Released - short story by @SelahJanel

Released

Short Story by Selah Janel




selahjanel.wordpress.com

Shadows crept along the wall as velvet grey fingers seared right through the mortar between crumbling bricks. The longer Morgana stared, the more her suspicions were reinforced. The crawling, skittering veins and puddles of effervescent nightmares were not attacking the wall, but were coming from it.

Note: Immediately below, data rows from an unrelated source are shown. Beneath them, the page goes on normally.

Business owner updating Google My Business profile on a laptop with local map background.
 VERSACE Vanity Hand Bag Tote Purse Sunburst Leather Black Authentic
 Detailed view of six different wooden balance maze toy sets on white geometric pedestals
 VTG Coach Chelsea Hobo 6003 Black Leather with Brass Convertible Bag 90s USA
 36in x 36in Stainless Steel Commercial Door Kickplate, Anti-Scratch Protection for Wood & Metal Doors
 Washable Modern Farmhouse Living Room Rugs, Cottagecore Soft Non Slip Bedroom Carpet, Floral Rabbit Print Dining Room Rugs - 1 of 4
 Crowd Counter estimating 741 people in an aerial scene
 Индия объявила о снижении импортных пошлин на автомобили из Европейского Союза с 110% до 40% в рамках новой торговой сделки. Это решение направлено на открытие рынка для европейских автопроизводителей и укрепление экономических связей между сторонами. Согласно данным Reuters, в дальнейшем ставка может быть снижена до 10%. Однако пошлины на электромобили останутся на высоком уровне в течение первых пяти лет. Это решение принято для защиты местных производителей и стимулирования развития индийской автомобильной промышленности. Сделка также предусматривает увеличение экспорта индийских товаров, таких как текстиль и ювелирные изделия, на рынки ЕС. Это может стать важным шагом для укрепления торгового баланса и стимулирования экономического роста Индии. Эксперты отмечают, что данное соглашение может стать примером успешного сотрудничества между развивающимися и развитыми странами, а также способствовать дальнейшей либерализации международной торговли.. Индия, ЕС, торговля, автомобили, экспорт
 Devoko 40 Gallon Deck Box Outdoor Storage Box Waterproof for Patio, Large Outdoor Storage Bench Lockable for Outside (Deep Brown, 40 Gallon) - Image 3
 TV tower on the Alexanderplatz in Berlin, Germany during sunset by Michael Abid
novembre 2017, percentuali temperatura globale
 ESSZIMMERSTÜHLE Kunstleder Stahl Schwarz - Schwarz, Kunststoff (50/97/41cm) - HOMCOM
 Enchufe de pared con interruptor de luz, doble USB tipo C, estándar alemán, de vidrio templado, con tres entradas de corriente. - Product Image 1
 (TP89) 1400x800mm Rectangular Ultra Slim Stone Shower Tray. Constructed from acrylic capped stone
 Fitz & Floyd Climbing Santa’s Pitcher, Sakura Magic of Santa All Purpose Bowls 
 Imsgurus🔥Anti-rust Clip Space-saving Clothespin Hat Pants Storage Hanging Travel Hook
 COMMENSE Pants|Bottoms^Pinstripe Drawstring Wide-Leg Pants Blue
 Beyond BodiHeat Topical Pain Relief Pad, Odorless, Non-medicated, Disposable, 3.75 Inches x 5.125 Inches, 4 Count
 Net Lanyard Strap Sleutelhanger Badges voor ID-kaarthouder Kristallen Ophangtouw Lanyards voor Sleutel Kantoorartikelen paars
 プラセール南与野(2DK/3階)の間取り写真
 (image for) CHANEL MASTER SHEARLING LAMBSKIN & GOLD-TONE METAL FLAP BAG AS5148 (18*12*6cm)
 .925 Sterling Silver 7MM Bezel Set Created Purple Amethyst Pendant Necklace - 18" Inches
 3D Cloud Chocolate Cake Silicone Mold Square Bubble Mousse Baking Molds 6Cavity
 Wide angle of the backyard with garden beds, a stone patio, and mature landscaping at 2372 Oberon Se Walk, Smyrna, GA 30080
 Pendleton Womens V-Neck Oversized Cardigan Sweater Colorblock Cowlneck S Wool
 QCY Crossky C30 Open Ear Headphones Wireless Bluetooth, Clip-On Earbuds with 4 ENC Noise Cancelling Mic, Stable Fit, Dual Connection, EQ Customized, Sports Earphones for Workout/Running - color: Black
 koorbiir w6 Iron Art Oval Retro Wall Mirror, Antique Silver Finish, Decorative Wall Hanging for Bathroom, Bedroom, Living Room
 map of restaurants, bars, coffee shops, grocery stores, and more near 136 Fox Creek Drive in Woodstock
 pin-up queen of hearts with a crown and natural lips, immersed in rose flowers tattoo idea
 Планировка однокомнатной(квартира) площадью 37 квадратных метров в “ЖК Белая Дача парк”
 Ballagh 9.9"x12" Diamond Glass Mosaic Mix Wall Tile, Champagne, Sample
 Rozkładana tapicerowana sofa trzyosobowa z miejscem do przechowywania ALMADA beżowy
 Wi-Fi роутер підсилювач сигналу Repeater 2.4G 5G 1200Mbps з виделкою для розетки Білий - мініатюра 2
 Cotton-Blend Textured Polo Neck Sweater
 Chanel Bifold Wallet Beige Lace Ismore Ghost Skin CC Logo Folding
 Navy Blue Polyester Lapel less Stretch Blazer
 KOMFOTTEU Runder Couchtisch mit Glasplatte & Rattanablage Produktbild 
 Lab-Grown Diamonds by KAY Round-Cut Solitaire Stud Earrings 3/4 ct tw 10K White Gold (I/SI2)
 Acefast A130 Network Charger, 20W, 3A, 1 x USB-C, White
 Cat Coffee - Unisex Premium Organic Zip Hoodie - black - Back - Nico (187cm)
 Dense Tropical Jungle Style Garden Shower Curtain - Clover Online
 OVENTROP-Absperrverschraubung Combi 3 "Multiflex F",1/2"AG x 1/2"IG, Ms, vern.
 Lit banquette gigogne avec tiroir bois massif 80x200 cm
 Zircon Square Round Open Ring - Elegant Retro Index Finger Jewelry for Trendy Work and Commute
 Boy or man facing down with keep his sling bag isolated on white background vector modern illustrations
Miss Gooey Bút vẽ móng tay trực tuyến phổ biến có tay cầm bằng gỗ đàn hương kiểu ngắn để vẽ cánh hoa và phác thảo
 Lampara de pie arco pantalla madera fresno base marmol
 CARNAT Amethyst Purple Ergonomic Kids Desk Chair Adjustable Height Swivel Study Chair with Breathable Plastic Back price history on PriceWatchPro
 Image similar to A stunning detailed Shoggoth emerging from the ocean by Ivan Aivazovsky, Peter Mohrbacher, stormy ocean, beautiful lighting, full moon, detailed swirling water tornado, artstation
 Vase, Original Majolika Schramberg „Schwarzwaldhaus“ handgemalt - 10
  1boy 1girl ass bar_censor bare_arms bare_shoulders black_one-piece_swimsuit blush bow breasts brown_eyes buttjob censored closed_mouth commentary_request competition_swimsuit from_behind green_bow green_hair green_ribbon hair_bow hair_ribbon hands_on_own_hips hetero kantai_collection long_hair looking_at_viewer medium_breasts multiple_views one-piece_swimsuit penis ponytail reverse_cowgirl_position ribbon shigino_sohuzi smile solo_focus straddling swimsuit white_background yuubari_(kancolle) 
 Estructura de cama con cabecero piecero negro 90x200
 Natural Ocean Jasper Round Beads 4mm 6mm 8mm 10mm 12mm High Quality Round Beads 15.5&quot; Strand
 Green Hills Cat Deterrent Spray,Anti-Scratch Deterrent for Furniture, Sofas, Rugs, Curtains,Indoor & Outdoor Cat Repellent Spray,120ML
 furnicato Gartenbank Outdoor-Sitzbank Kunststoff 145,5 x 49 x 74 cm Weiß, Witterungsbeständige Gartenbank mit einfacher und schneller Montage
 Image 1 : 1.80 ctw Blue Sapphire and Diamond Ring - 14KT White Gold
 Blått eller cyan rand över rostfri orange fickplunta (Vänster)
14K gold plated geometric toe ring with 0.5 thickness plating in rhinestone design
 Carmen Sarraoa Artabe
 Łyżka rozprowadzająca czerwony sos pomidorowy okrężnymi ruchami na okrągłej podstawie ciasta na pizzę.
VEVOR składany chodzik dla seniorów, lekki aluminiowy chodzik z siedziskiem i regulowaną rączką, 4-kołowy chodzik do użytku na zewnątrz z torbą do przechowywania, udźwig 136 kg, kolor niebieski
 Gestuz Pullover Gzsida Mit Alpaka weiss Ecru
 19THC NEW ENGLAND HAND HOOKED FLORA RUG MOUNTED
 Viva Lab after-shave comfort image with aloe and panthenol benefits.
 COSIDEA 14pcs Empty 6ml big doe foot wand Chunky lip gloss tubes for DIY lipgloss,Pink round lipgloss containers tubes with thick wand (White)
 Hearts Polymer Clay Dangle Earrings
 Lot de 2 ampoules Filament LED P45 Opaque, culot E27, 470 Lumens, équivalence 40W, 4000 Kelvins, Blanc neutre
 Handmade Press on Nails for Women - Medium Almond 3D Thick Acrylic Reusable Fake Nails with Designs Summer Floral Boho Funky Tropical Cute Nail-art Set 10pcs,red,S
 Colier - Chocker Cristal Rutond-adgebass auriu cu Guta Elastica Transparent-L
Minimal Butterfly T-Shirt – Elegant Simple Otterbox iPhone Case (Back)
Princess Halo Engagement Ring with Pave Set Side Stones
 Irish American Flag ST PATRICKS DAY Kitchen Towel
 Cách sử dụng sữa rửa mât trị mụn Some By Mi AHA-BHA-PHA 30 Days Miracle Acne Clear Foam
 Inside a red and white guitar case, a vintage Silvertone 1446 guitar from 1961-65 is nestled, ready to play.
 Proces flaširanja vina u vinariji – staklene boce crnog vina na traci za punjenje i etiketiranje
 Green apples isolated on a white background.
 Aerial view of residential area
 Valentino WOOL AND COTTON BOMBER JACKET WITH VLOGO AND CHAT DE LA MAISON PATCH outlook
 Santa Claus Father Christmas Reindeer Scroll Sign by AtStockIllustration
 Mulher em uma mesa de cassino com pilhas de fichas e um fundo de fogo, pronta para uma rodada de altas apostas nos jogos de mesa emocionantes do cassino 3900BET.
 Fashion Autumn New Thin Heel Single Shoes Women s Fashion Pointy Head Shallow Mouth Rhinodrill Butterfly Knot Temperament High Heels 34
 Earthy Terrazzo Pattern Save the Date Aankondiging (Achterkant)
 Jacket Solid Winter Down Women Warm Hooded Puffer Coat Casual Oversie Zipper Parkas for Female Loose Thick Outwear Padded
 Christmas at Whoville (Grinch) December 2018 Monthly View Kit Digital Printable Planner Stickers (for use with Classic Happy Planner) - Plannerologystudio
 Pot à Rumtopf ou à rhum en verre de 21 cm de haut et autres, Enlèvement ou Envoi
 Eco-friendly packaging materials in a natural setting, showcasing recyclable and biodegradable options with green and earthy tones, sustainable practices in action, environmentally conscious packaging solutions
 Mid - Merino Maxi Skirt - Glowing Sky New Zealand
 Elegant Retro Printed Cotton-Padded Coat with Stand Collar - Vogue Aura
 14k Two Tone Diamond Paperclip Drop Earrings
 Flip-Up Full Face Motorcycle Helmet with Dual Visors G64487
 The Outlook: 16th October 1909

"I stared too long," she murmured, as if to convince her terrified logic that she was still alive. "I looked too closely and saw into The Wall. Somehow it saw me." Past scrawled orange graffiti, under the brick, Morgana had seen it. And it had been trapped safely away, because it was evil.

She'd been warned to ignore the Cobbington Village Wall. No one remembered when or why it had been built across Shepherd's Field, but the entire village population was content to let the whole place fall to neglect if it meant they could ignore The Wall.

"I just had to go for a walk," Morgana whimpered, unable to move or even blink away from the skulking, oozing touches of the vile nothing that leaked out. "I just had to listen to the talk shows and change things up a bit. I couldn't just be content watching a movie, eating dinner on my own, and falling asleep on the couch." What had seemed a horrible prison sentence even thirty minutes ago was suddenly heaven; why had she been so stupid as to long for more than her humdrum, cashier, sweat-suit life?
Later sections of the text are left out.